Dans l’attente des résultats 2018 et alors même que le COP (contrat d’objectifs et de performance) n’est pas encore signé entre l’entité et la tutelle étatique, un tel niveau de salaire a de quoi interroger, sauf à s’assurer que le Plan de transformation arrêté à la suite de l’arbitrage rendu par les pouvoirs publics au second semestre 2018[6] soit fidèlement exécuté. On peut avoir une idée de l’importance des ajustements à réaliser en comparant les objectifs attendus dégagés à partir de l’audit de l’IGF/IGAS des conclusions de la Cour des comptes et les premiers arbitrages déjà actés :

  • Un programme de restructuration immobilière a été engagé : 116 sites ont été transférés à l’AFPA pour un montant de 410 millions d’euros. Le plan de transformation comporte la fermeture de 38 centres, en réalité 13 sites principaux sur les 112 existants (-11,6%), et 25 implantations secondaires sur les 94 existantes (-26,6%). Ce qui est plutôt mesuré.
  • Une réduction importante des effectifs : sur les 6.773 personnes en CDI au 31 décembre 2017, 1.541 postes seraient supprimés à horizon 2020 (dont 600 par départs naturels à la retraite) et 603 postes (en CDI) créés. Soit une baisse nette des effectifs de 938 agents (-13,84%).
  • Un recentrage de l’organisme sur son cœur de cible : personnes les plus éloignées de l’emploi, et les demandes des entreprises au niveau local par le développement de services innovants, « ce qui pourrait militer en faveur d’une responsabilisation accrue des implantations régionales ». Le tout accompagné d’objectifs stratégiques et opérationnels déclinés en indicateurs de résultats régulièrement suivis.

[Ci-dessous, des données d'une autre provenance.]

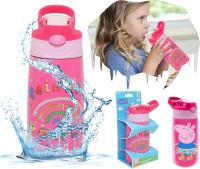 Botella Agua Infantil Acero Inoxidable 400 ml Peppa Pig | Antifugas con Tapa Botón, Ideal Viaje, Deporte y Mochila para Niños +3 Años - details 5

En définitive, ainsi que le relève la Cour, sans « une restructuration de grande ampleur à mener sans délai (…) ce qui exige également qu’au cours du processus, l’Etat exerce pleinement son rôle de tutelle sur cet établissement » et une révision complète de son modèle économique afin de rendre compétitive et enfin rentable l’entité, « en cas de non-atteinte de ces objectifs » il faudra « envisager la fermeture de l’établissement. »


[1] Le rapport n’a pas été rendu public. Pire, les syndicats qui avaient fait fuiter les conclusions ont été repris par la direction et obligés de retirer les éléments publiés de leur site.

[2] http://www.fo-afpa.fr/IMG/pdf/accord_du_4_juillet_1996.pdf

[3] Voir rapport du député Jean-Patrick GILLES relatif à la transformation de l’AFPA en EPIC, janvier 2017, p.14, http://www.assemblee-nationale.fr/14/pdf/rapports/r4364.pdf

[4] Notons que nous sommes dans l’expectative dans la mesure où le contrat d’objectif et de performance de l’opérateur n’est toujours pas signé, 2 ans après la création de l’EPIC, la signature devant intervenir ce 1er semestre 2019.